TASK STATEMENT
The pictures in the listing below are to be skipped, while the lines between the line holding "Coil Cleaner Liquid Application: Industrial" and the line holding "Dia do Pastel", inclusive, are to be output exactly.

==== INPUT FOR THIS TASK

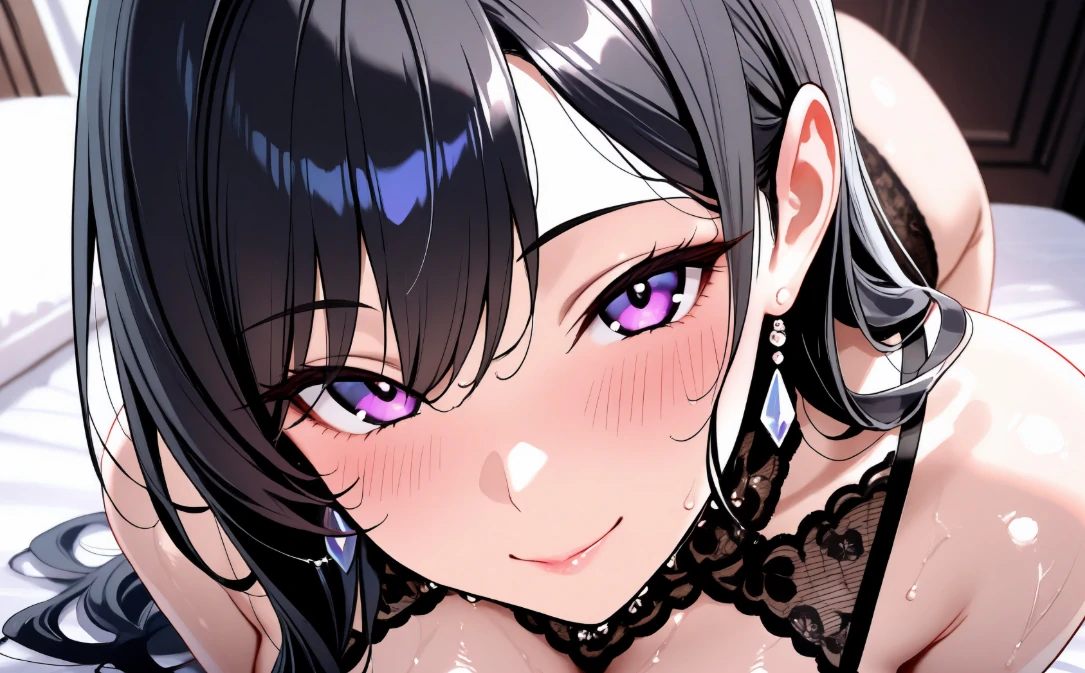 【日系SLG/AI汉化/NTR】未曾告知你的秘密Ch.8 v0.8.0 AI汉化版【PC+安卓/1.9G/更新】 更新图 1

========
==== INPUT FOR THIS TASK

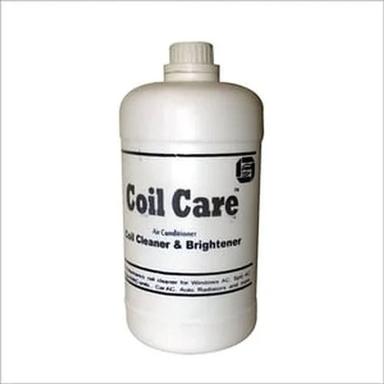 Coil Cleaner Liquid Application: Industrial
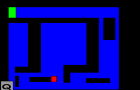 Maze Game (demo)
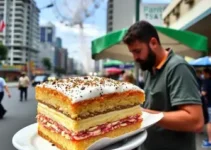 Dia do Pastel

========

FINAL ANSWER
 Coil Cleaner Liquid Application: Industrial
 Maze Game (demo)
 Dia do Pastel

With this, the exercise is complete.